Hong Kong knows the quality of P.R.C. justice better than any other jurisdiction does. Until now, its refusal to send alleged suspects to the P.R.C.—its own central government—has provided a key argument against extradition to China not only in Australia but also in the United States, Canada, the U.K., and New Zealand, other popular refuges for those fleeing Beijing’s long arm. The current Hong Kong fiasco will further set back P.R.C. negotiating efforts and make even those democratic civil law countries in Western Europe that have gradually been yielding to P.R.C. extradition pressures less likely to ratify future agreements and naively implement them.
China’s extradition prospects will improve only after its Communist Party and government radically reform the country’s criminal process in practice as well as theory.

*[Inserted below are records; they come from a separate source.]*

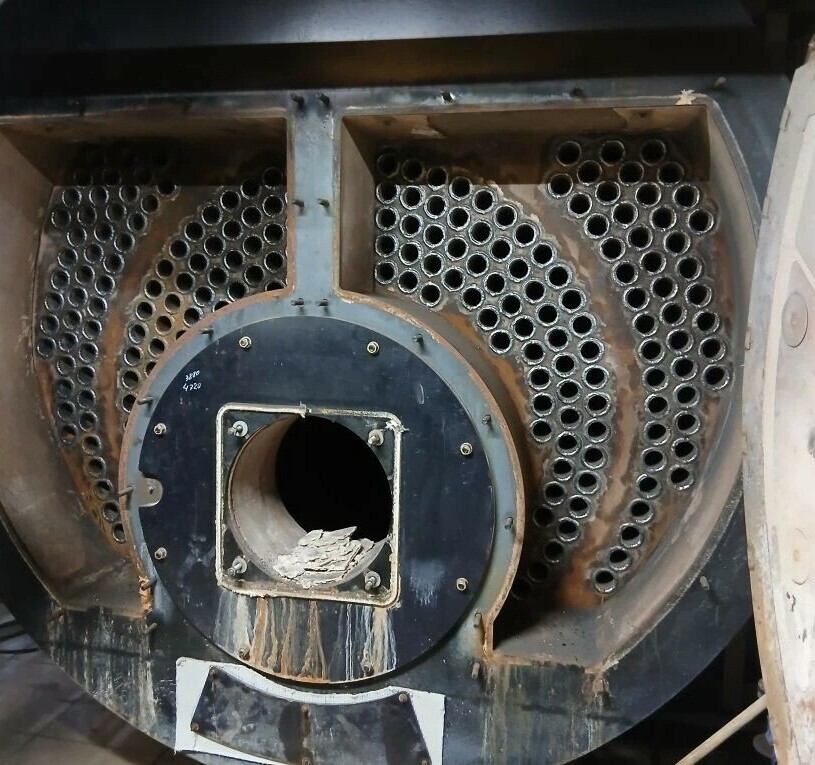 Котёл, готовый к гидроиспытаниям. Трубки набиты и обварены. Закончены сварочные работы. Передняя часть котла.
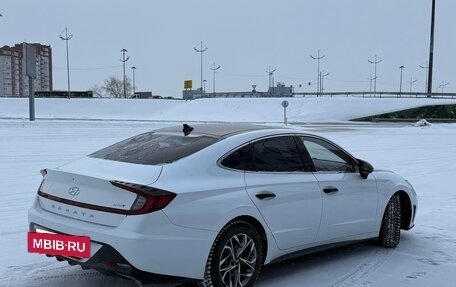 Hyundai Sonata VIII, 2020 год, 2 400 000 рублей, 4 фотография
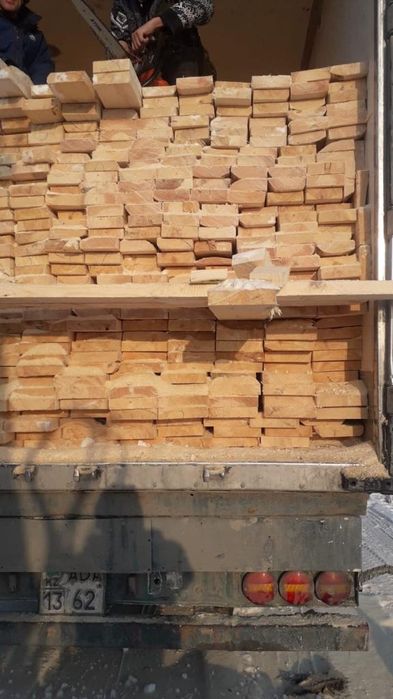 Лес доска пиломатериал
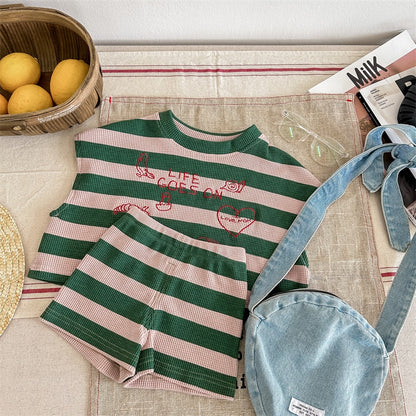 -キッズ ボーダー セットアップ レターロゴ 刺繍 ノースリーブ ルーズ Tシャツ ショートパンツ グリーン ブルー ボーイズ - mamahalo shop - 半袖セットアップ -  べビー服 - 子供服 - 男の子 - 女の子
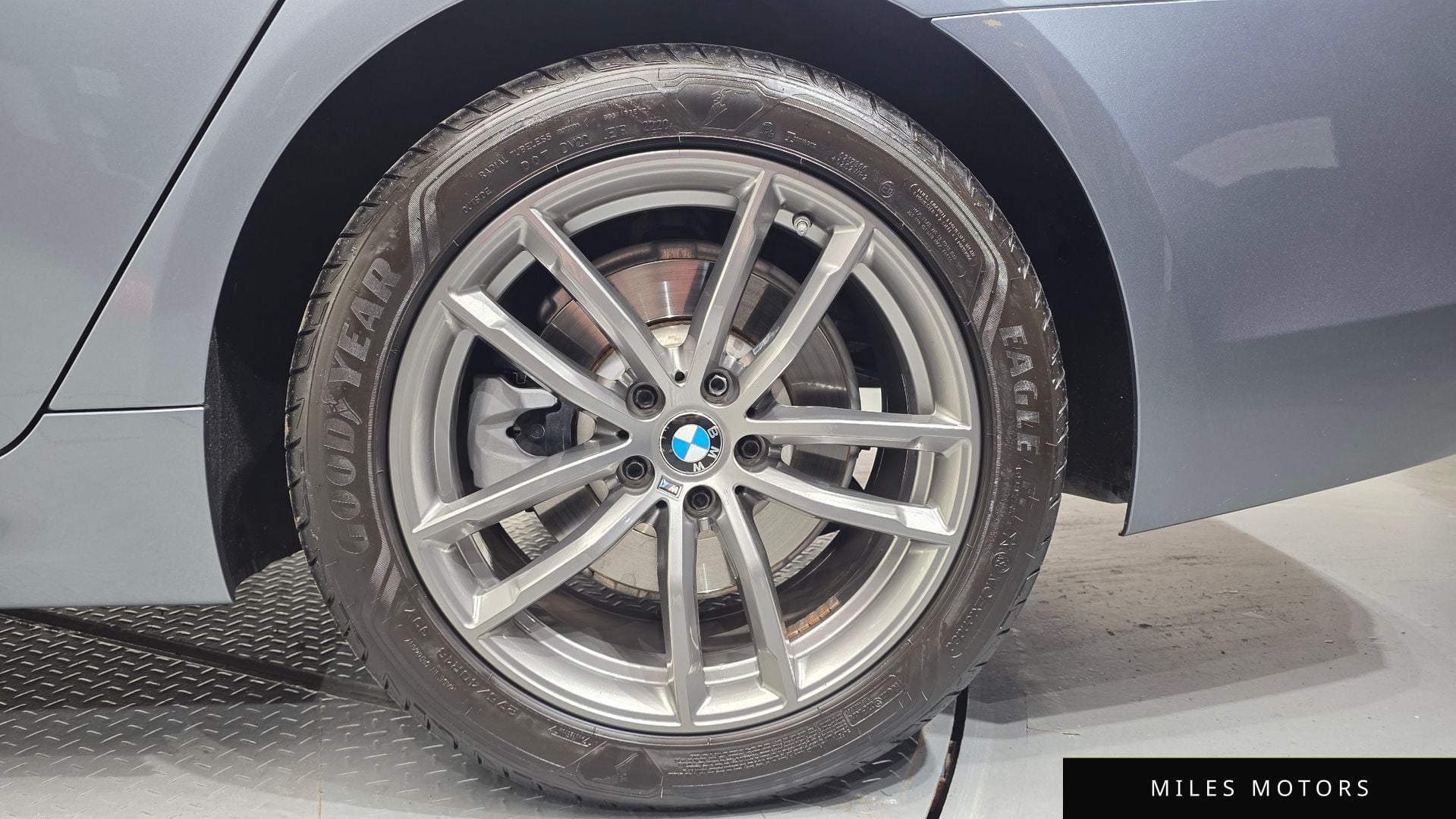 BMW 5 Series (G30) 2018 — миниатюра 7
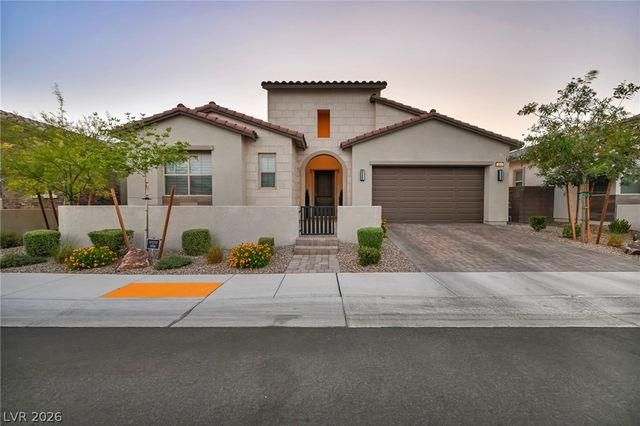 253 Robledo Street, Las Vegas, NV 89138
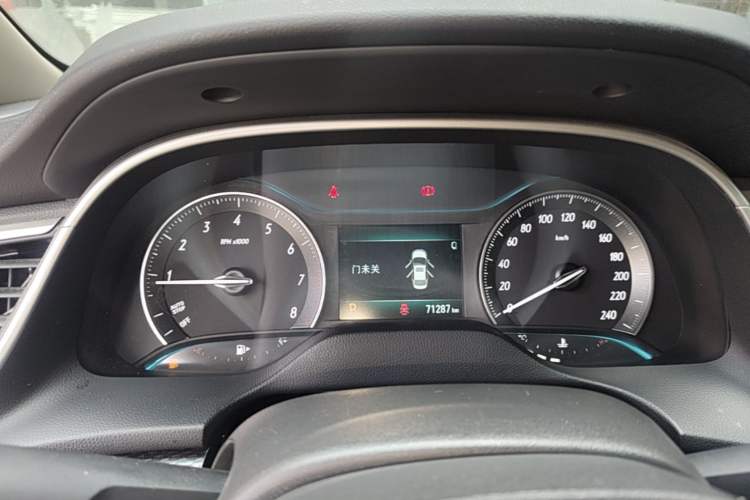 Used Buick GT 2019 15T Dual-Clutch Connected Elite Model China VI Instrument Cluster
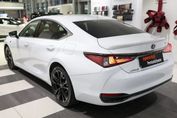 Lexus ES 300h F Sport Design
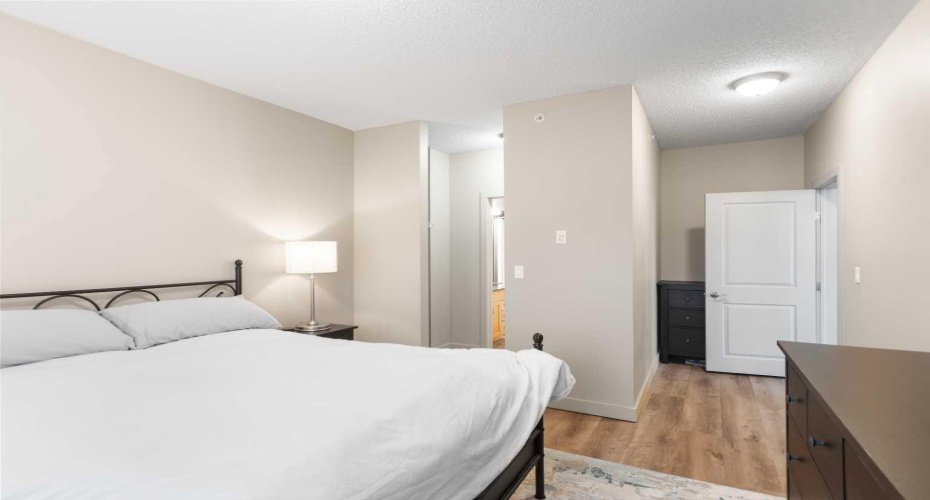 11811 Lake Fraser Drive, Calgary, Alberta T2J 7J4, 2 Bedroom Bedrooms, 0 ,2 BathroomBathrooms,Residential,For Sale,Lake Fraser,0,A2290968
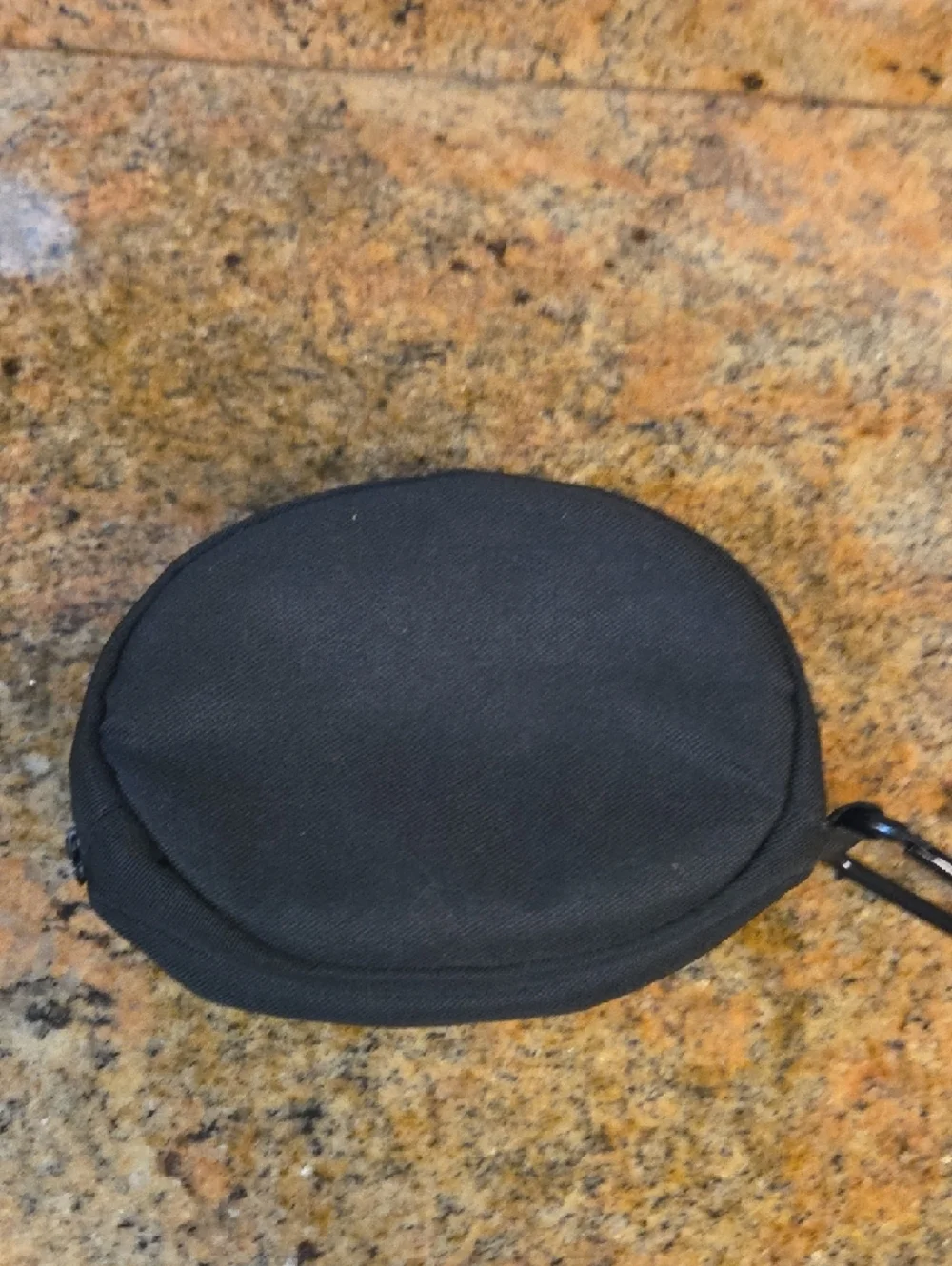 Black Zippered Headphone Carrying Case - Compact Protective Pouch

To say this monumental task is unlikely to be achieved under the Xi Jinping regime is an understatement.
To those foreign scholars and NGO experts who have sought to enlighten people in China and abroad about the nature of the P.R.C. justice system and who are still attempting to cooperate with repressed Chinese law reformers, law professors, and human rights lawyers, the Hong Kong fiasco is a welcome stimulus. Sadly, however, although Xi Jinping and his Party elite hope to enhance P.R.C. “soft power,” they fail to acknowledge how important the administration of justice is to the world’s evaluations of a nation’s soft power.